There are however some stocks (not counting ETF's) that are relatively diversified by definition, because the underlying companies comprise businesses of various types. General Electric (GE) is one such company. Berkshire Hathaway (BRK) is another, headed by the famed Warren Buffet. There is however one problem (at least for the average investor) buying shares in Berkshire Hathaway. Today's closing share price of that stock was $100,000. Now that's a tidy sum, putting the stock well beyond the affordability levels of many investors who would want to own a piece of this conglomerate.

Most companies faced with surging stock prices choose to partake in what is known as a stock split. As an example, a company whose stock price has reached $100 per share, might opt for a 2-for-1 stock split where each share turns into two with the share price at $50. It's a zero sum game. It has no effect on the market capitalization of the stock, and the shareholders see no difference in the values of their holdings at the moment the stock is split.

The general rationale behind a stock split is that it makes owning the shares more affordable and therefore it attracts more demand. In some cases it does work as intended and the stock sometimes surges upward post-split.
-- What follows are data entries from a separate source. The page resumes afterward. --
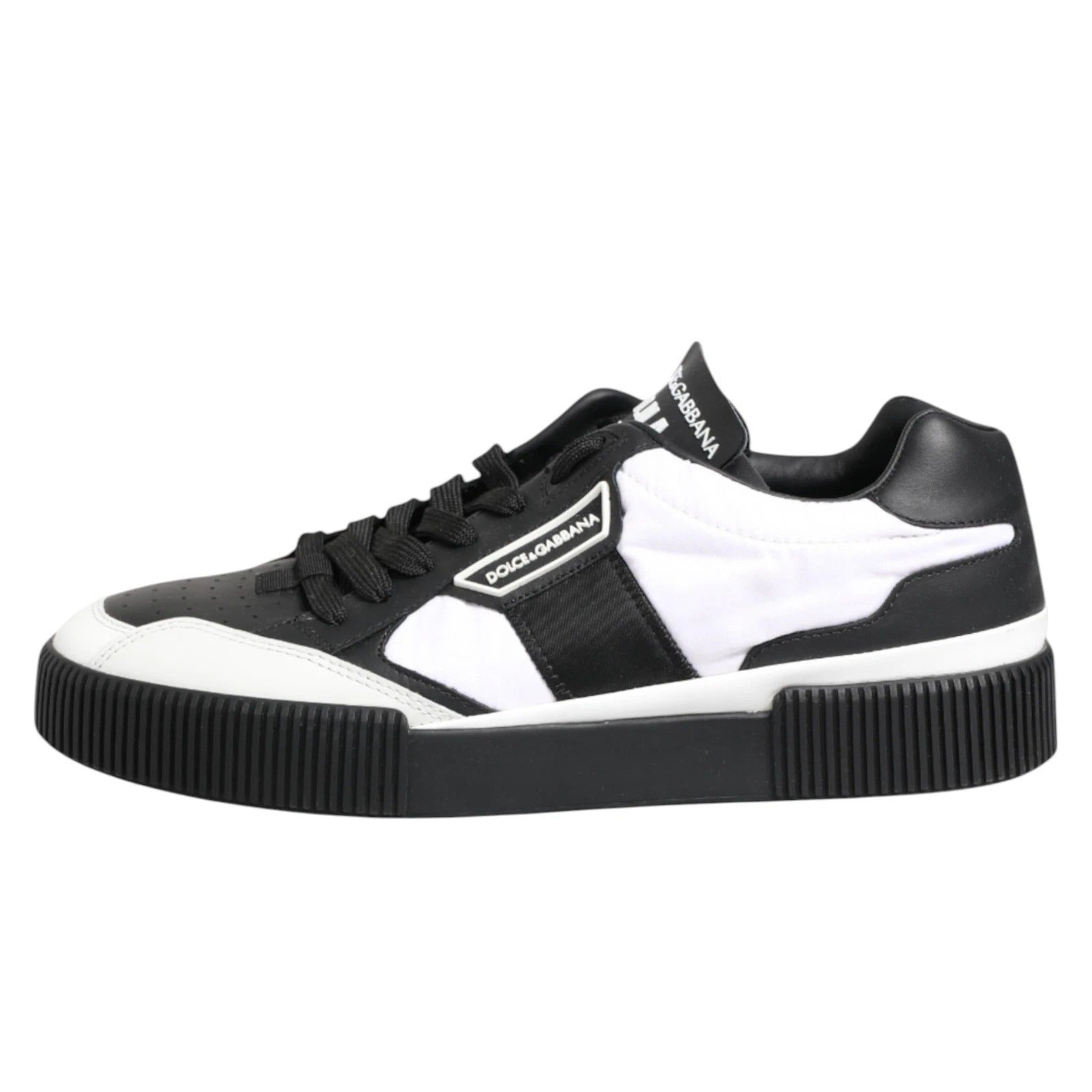 Dolce & Gabbana Black White MIAMI Low Top Men Sneakers Shoes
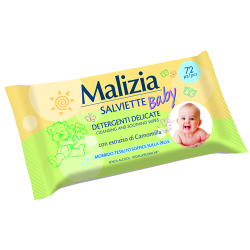 WET WIPES MALIZIA BABY WITH CAMOMILE, PACK OF 72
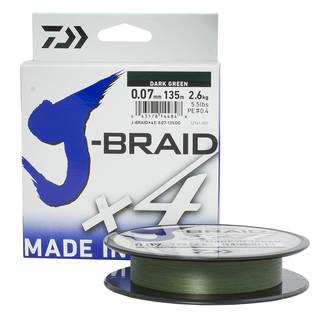 Шнур Daiwa J-Braid X4 (135 м; 0.17 мм; green) - фото 1 - id-p223099540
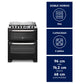Cocina Experience Doble Horno y Timer Digital Electrolux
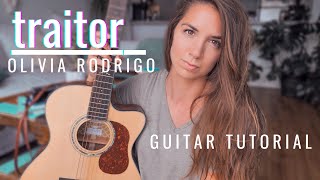 traitor - Olivia Rodrigo | Guitar Tutorial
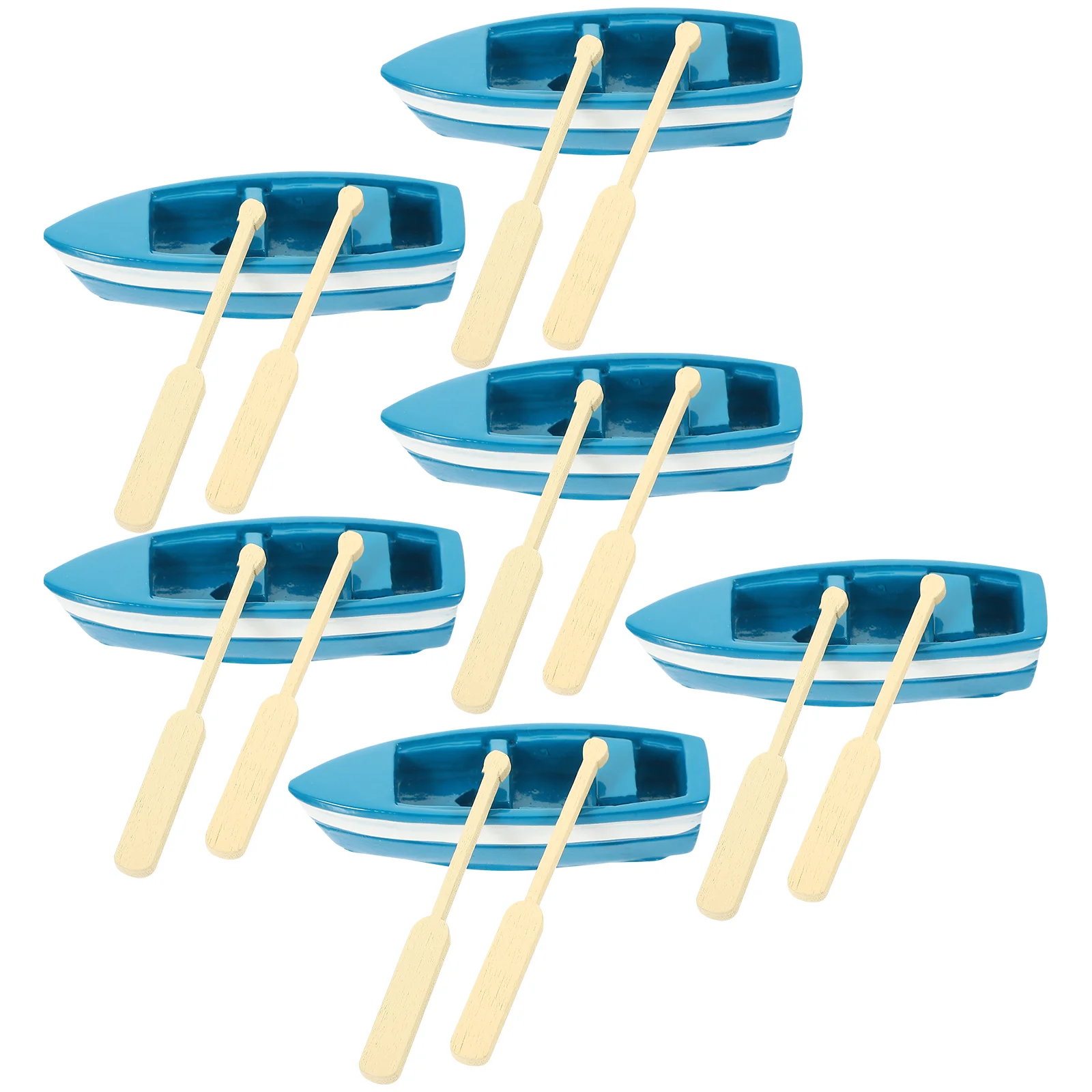

6 Sets Micro Landscape Boat Resin Craft Model Bonsai Decor Mini Toy Decorative Adornment Ocean Toys Ornament Simulation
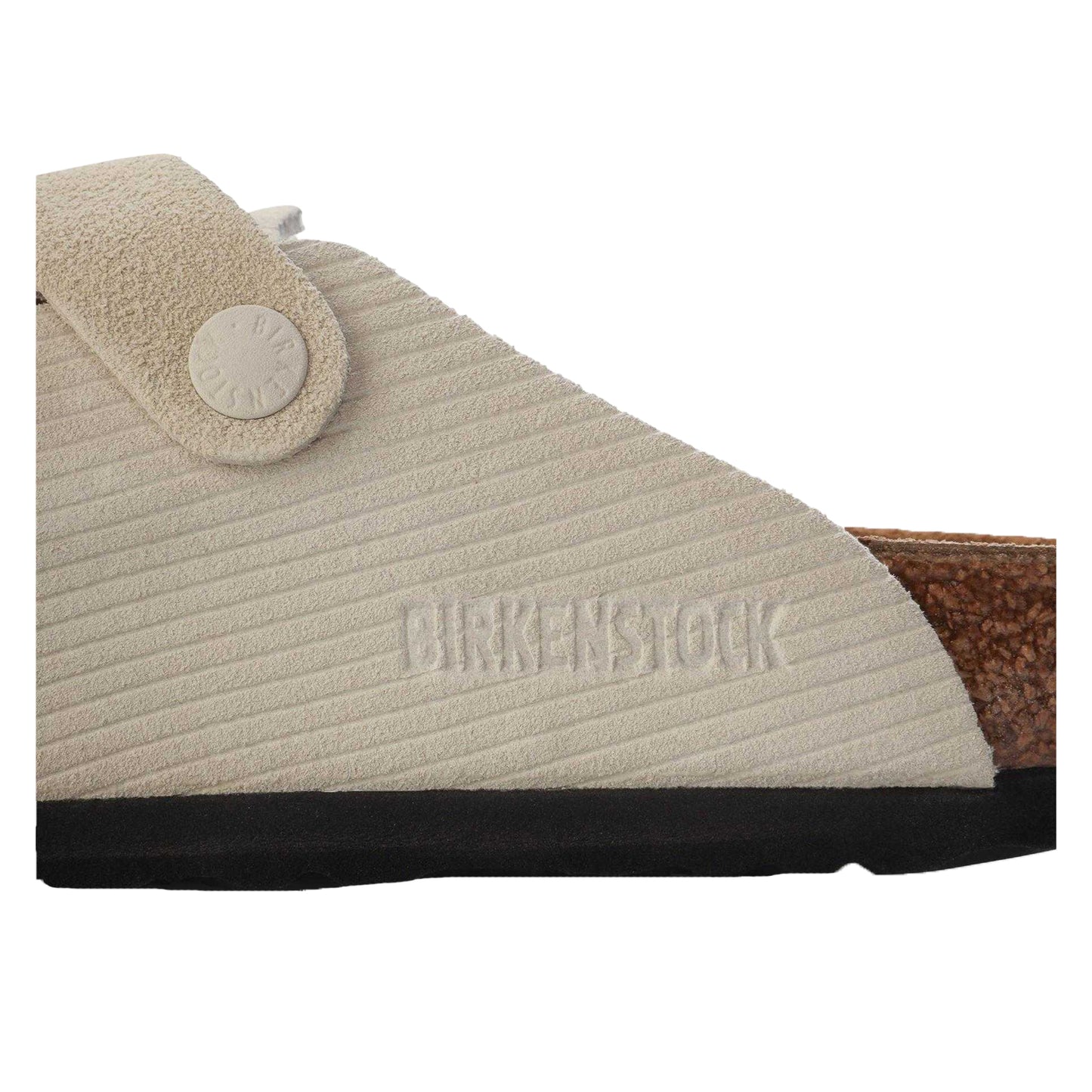 White - Pack Shot - Birkenstock Womens-Ladies Boston Sandals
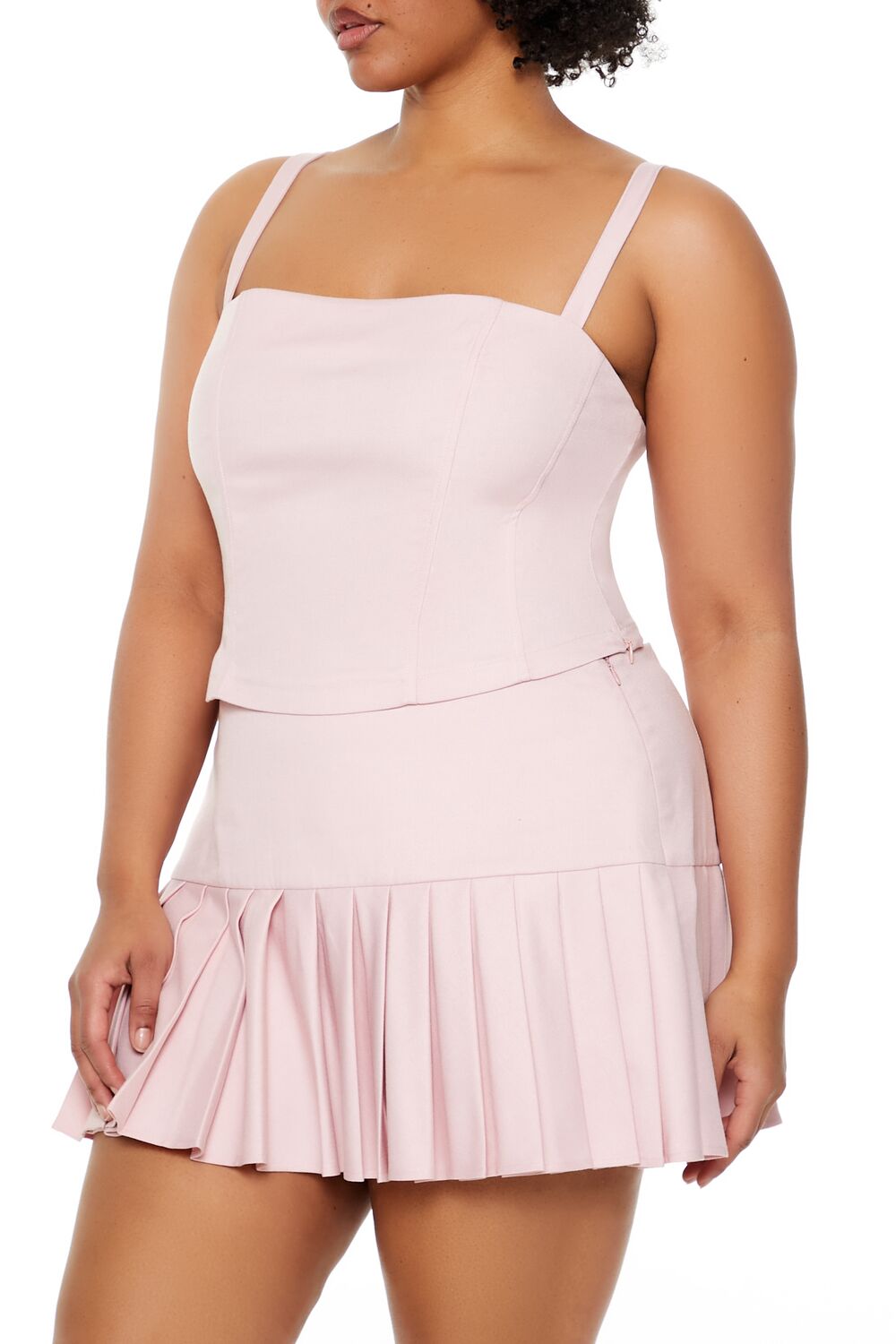  Forever 21 Plus Size Poplin Smocked Cami - black - Bonton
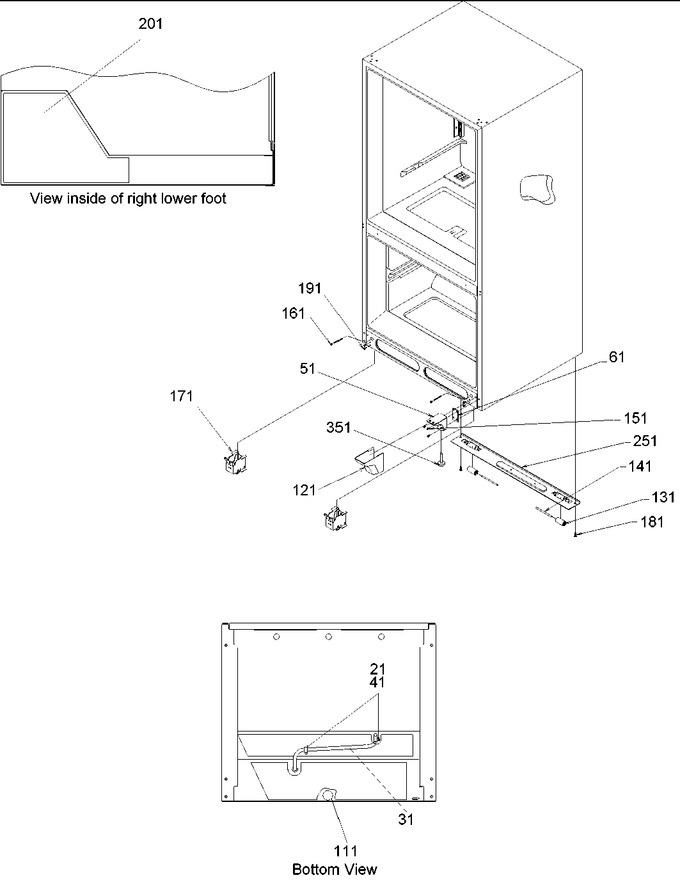 Diagram for DRB2101BW (BOM: PDRB2101BW0)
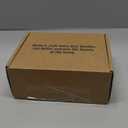 Estmoon 1 Pack Passage Door Handle Matte Black Door Lever, Interior Door Knob Square Heavy Duty Non-Locking Handlesets Hall Closet Handle, Reversible for Right & Left Sided Doors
The increased volume also comes with the side-effect of volatility. Berkshire Hathaway, however, has decided that it can do without the volatility. I suspect most investors in that stock are institutional holdings (such as companies and mutual funds) or very wealthy individuals. Today the traded volume for BRK was a measly 690 shares, with the low and high of $99,900 and $100,250 respectively. No doubt the difference between the bid and ask prices were in the tens of dollars and not pennies as most stocks typically experience.

Just to compare, GE's closing prices today was $35.53 with a trading volume of 26,087,600 shares. Accounting for all the GE stock splits over the years, the stock's effective split works out to 4608-for-1. If GE had never split, its share price would be $163,722.24 today and the traded volume would be about 5661 shares. Adjusting GE's stock price to that of BRK, the volume works out to about 9268 shares for GE or about 13.5 times the BRK's traded volume. Okay, I admit this is totally unscientific and a stock's traded volume is more affected by the condition of the company, forecasts, analysis, and the mood of the investors, among other factors, than its price per share. But if we were to accept this piece of information as valid for the moment, the conclusion would be that splits do indeed create more interest in a stock. Now we'll just wait for Warren to declare a 10,000-for-1 split. Sure, I might buy a few Berkshire shares at $10 a piece.